The Baiga is a primitive Dravidian tribe in the Central Province, with 25,000 members in 1901, residing principally in Mandla and the adjoining districts. In Mandla and Balaghat, the Binjhal are known to be a sub-caste of the Baiga. They include several of the Sambalpur zamindars. The Bhumia (guardian of the earth) are the same tribe as the Baiga whereas the Bhaina of Bilaspur is probably another offshoot. Raibhaina is also considered a sub-caste of the Baiga in Balaghat. The Baiga have several endogamous divisions, some of who will not eat with each other. The Gondwana, who eat beef and monkeys, are the lowest sub-caste. Each sub-caste is divided into several exogamous septs, the names of which are identical in many cases with those of the Gonds (Imperial Gazetteer of India Volume 6).

In Kutelidadar village, the Bich tola and Dahiyaan tola are dominated by the Baiga community. They live a simple life doing agricultural work. They can only grow their crops in the monsoon season because of the lack of any water in their tola for irrigation.
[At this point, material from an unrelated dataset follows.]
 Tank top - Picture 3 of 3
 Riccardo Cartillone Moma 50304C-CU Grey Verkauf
The forest is the main source of their livelihood, and from which they also get vegetables, fruit and wood. The people of the Baiga community cannot avail of the benefits of the seasonal stream because their fields are located far away; they also do not have any alternative such as pipelines that connect the stream directly to their fields because buying pipes and connecting the stream to their fields was financially impossible for them. The Baiga community primarily depends on rain to irrigate their crops; they then preserve those crops so that when there is no rain, they have food to eat. They earn some money by performing cultural dances when they are called to on occasions in the other villages. They rear pigs and goats, which adds a little to their livelihood.
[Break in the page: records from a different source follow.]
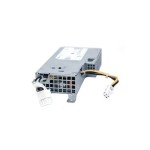 เดลล์ L180EU-00 180-Watts 100-240V AC 2.6A Power Supply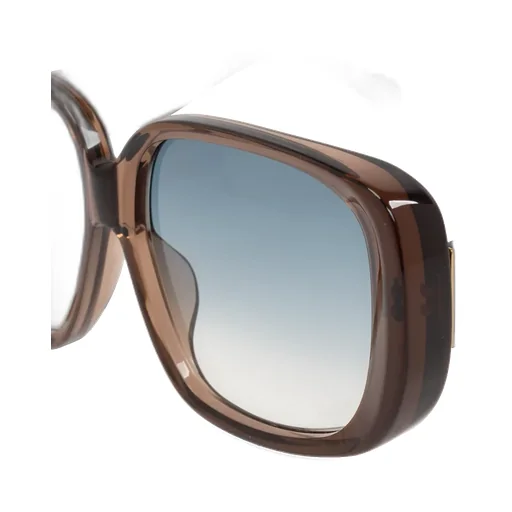 Full Frame Sunglasses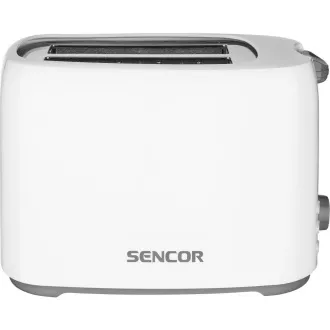 STS 2606WH SENCOR kenyérpirító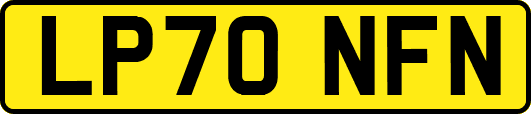 LP70NFN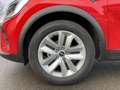 Renault Captur 1.0 TCe 90 EQUILIBRE KLIMA*NAVI*Tempomat Rot - thumbnail 6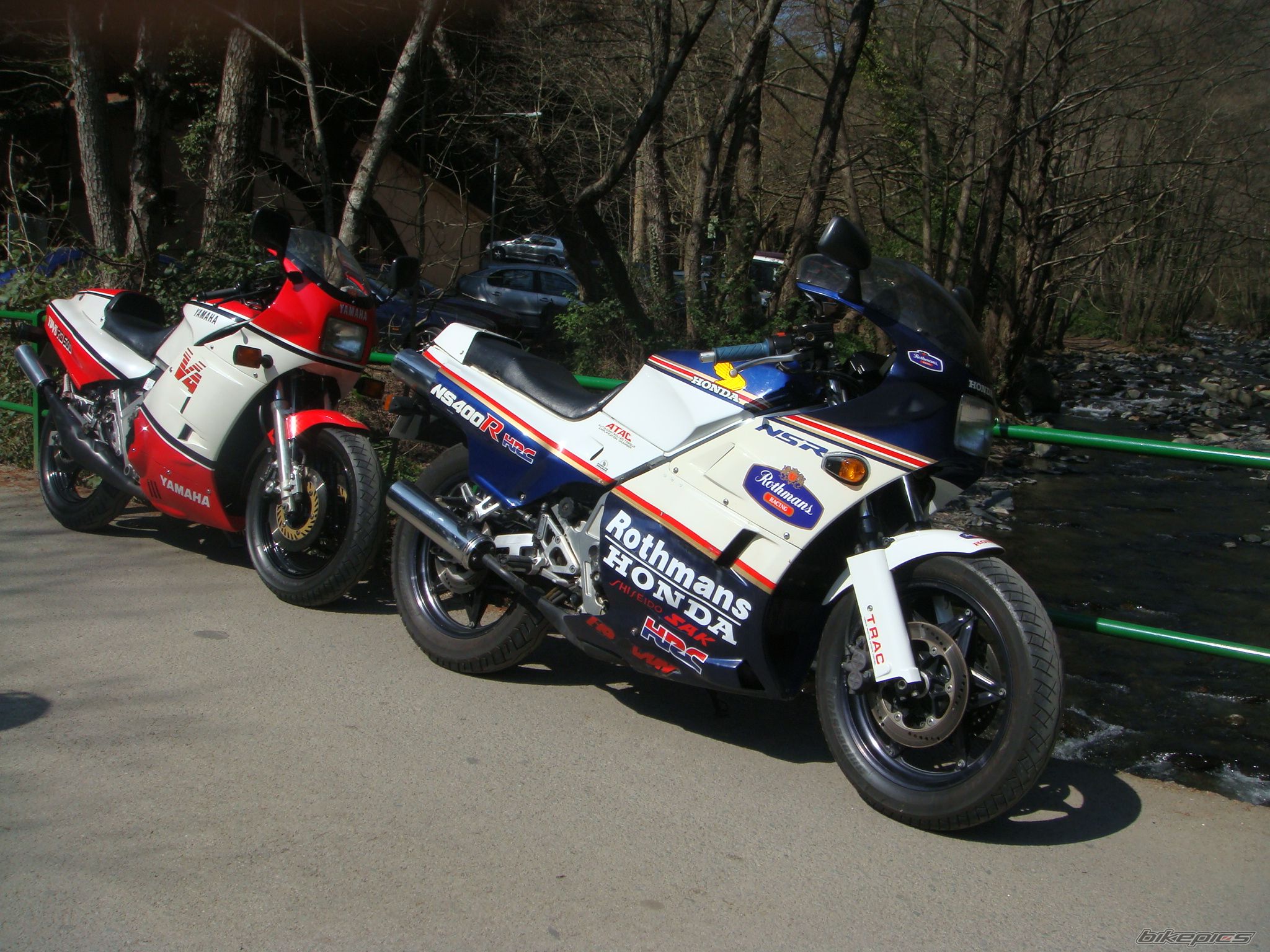 Photo 1601469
The people of the Baiga community cannot avail of the benefits of the seasonal stream because their fields are located far away; they also do not have any alternative such as pipelines that connect the stream directly to their fields because buying pipes and connecting the stream to their fields was financially impossible for them.

Conversations on Water Scarcity

The Dahiyaan and Bich tolas, dominated by the Baiga community, deal with water scarcity on a regular basis. In Bich tola, there were only two handpumps; Dahiyaan tola had a jhiriya (a small pit dug near streams to collect water for drinking) and the seasonal stream, from which the people fetch water to drink. The seasonal stream is a common source of water for dogs, cats and cattle. In summer, the village stream dries up and they have to cover 3–4 km by foot to fetch water from the handpump in Bich tola.

During my visits to the Baiga and Dahiyaan tolas, I saw that there was not a single crop in the land of the Baigas. The women of the Baigatola spoke about the other reasons they could not irrigate their land—the main reason being financial constraints. Neither could they afford to buy the pipes needed to carry water from the river nor did their tola have a well from which they could draw water to irrigate their land.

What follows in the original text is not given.